Management (emergency - acute obstruction):
- Vigorous IV resuscitation (correct dehydration, electrolytes, anemia)
- Laparotomy: minimum life-saving procedure
- Resection of obstructed segment + proximal ileostomy + distal mucus fistula (anastomosis avoided in acute infection - high leak risk)
- Primary anastomosis only if the patient's general condition permits
- Continue full 6-month ATT course post-operatively under combined physician-surgical care
9. Bowel Perforation
- Rare; from a perforated tuberculous ulcer in the small bowel
- Presents as acute peritonitis
- Requires emergency laparotomy, resection, and peritoneal lavage
- ATT continued post-operatively
10. Paradoxical Reactions (Immune Reconstitution)

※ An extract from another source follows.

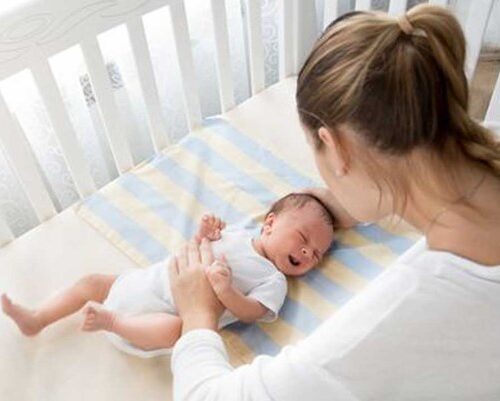 신생아부터 한 살 까지, 부모와 같은 방에서 자면 신생아 사망률 줄일 수 있어.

Definition: Temporary clinical or radiographic worsening despite appropriate ATT and good adherence - due to restored immune response attacking TB antigens
In abdominal TB: May manifest as:
- Worsening abdominal pain or ascites
- Enlarging mesenteric lymph nodes
- New or worsening bowel obstruction symptoms
In HIV co-infected patients on ART: Known as Immune Reconstitution Inflammatory Syndrome (IRIS) - presents with fever, lymphadenopathy, expanding lesions
Management:
- Rule out treatment failure and drug resistance first
- Continue ATT (do NOT stop)
- Corticosteroids (prednisolone 1-2 mg/kg/day) for severe paradoxical reactions, tapered over 4-8 weeks
- For IRIS: continue both ATT and ART; add steroids for severe cases
Summary Table
| Complication | Causative Drug | Key Management |
|---|
| Hepatotoxicity | INH, PZA, RIF | Stop if ALT >5x ULN; restart sequentially (RIF → INH → PZA) |
| Peripheral neuropathy | INH | Pyridoxine 25-50 mg/day (prevent); 100 mg/day (treat) |
| Optic neuritis | EMB | Monthly visual monitoring; stop EMB immediately if symptoms |
| Hyperuricemia/gout | PZA | Allopurinol for symptomatic gout; monitor uric acid |
| GI intolerance | All (esp. PZA) | Bedtime dosing, light snack, PPIs, antiemetics |
| Rash/hypersensitivity | All | Antihistamines (mild); stop all ATT (SJS/DRESS) |
| CYP450 drug interactions | RIF | Adjust warfarin, OCP, ART doses accordingly |
| Intestinal obstruction | Disease (stricture) | Strictureplasty / resection (elective); ileostomy (emergency) |
| Paradoxical reaction | Immune response | Continue ATT; add steroids for severe cases |
| Perforation | Disease | Emergency surgery + continue ATT |
Sources: Murray & Nadel's Textbook of Respiratory Medicine | Bailey & Love's Short Practice of Surgery, 28th Ed. | Katzung's Basic & Clinical Pharmacology, 16th Ed. | Lippincott Illustrated Reviews: Pharmacology | Harrison's Principles of Internal Medicine, 22nd Ed.